MORE: UFC 260 start time, card, PPV price & odds for Stipe Miocic vs. Francis Ngannou
And although Miocic already owns a dominant unanimous decision victory over Francis Ngannou, the champion will enter the Octagon as the underdog once again at UFC 260. To take things a step further, it’s almost a certainty that if Miocic defeats Ngannou and faces Jon Jones in the former light heavyweight champion’s debut as a heavyweight, Miocic will once again be the underdog.
It’s absurd, but there is a method to the madness.
You see, Miocic is as far away from being a flash and flare fighter as there is and is the epitome of a blue-collar worker. Although he’s the heavyweight champion, Miocic maintains his day job as a firefighter in Ohio, which isn’t necessarily the trait of a superstar heavyweight champion in the biggest mixed martial arts promotion in the world.
He doesn’t talk a lot, nor does he go out of his way to be a celebrity. If you see him in person, he’s bigger than your average human but there’s nothing particularly imposing about him. He just gets the job done.
He didn’t come into the UFC with a ton of fanfare when he debuted against Joey Beltran at UFC 136. And when he was stopped by Stefan Struve in 2012 — another fight in which he was the favorite — it felt as if Miocic was going to be a solid, yet unspectacular heavyweight. But after a “Fight of the Night” performance loss to Junior dos Santos in 2014, everything changed.
It wasn’t terribly spectacular, but each victory saw Miocic chip away at the heavyweight rankings until he found himself in a title showdown with Fabrico Werdum, who was being considered the greatest heavyweight at the time.
Miocic stopped Werdum in the first round to become heavyweight champion and strung together a pair of knockout victories against Alistair Overeem and a return bout against dos Santos before stepping into the Octagon with the indestructible force known as Ngannou.
To that point, there wasn’t a lot of weight put on Miocic’s title run. To that point, no champion had defended the heavyweight title more than twice, so the prevailing thought was that Miocic would see his reign end there and Ngannou would get his try in an absolutely volatile division.
But then Miocic dominated Ngannou and people were forced to pay attention.

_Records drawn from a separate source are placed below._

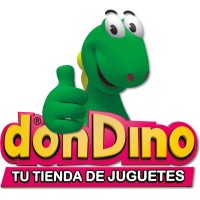 Don Dino Juguetes logo - Similar company to Es-Distribution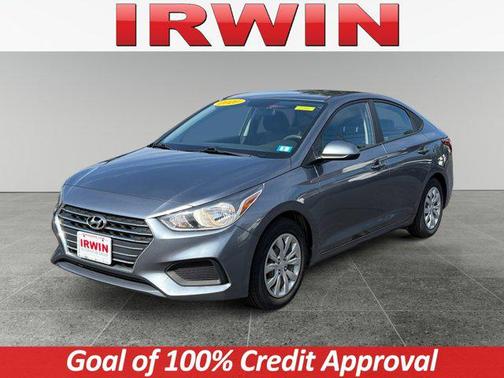 2020 Hyundai Accent SE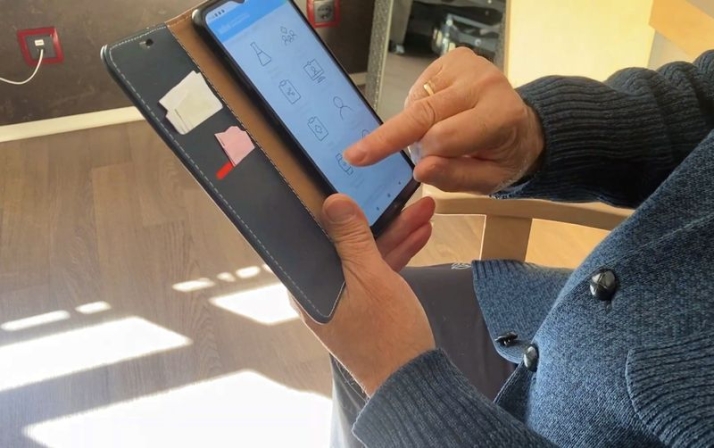 La monitorizaci&oacute;n remota de pacientes cr&oacute;nicos llega a Salamanca | Imagen 1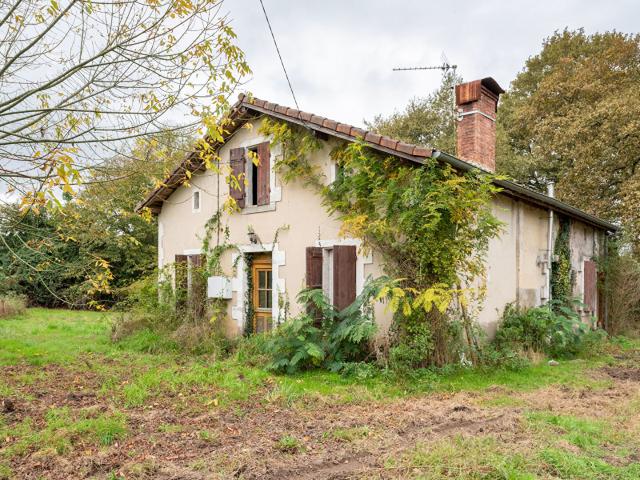 Maison vente à Pouydesseaux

There were rumblings that perhaps Miocic deserved more respect as the champion. That ended unceremoniously at UFC 226 when Daniel Cormier moved up from light heavyweight and knocked Miocic out in the first round. Miocic would win the rematch and the trilogy but was an underdog in both fights. And now he’s back in the Octagon with Ngannou and once again finds himself not being appreciated by the oddsmakers despite holding a number of UFC records that include:
- Most consecutive UFC Heavyweight Championship defenses (3)

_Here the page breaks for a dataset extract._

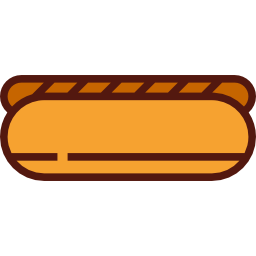 Hot dog icon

- Most UFC Heavyweight Championship defenses (4)
- Most strikes landed in a heavyweight fight (361) vs. Mark Hunt
- Most post-fight bonus awards in UFC heavyweight division
What does this mean?
But should Miocic defeat Ngannou again at UFC 260, it might be time to consider that Miocic should be the favorite in every fight he’s in until proven wrong. Then again, maybe it’s better for Miocic because he gets to continue to prove people wrong each and every time he steps into the Octagon. Should he beat Ngannou, rest assured that the world will see Jon Jones as the favorite in that fight.
There hasn’t been a champion as accomplished yet under the radar as Miocic. When it’s all said and done, he may be the most successful underdog in the history of MMA.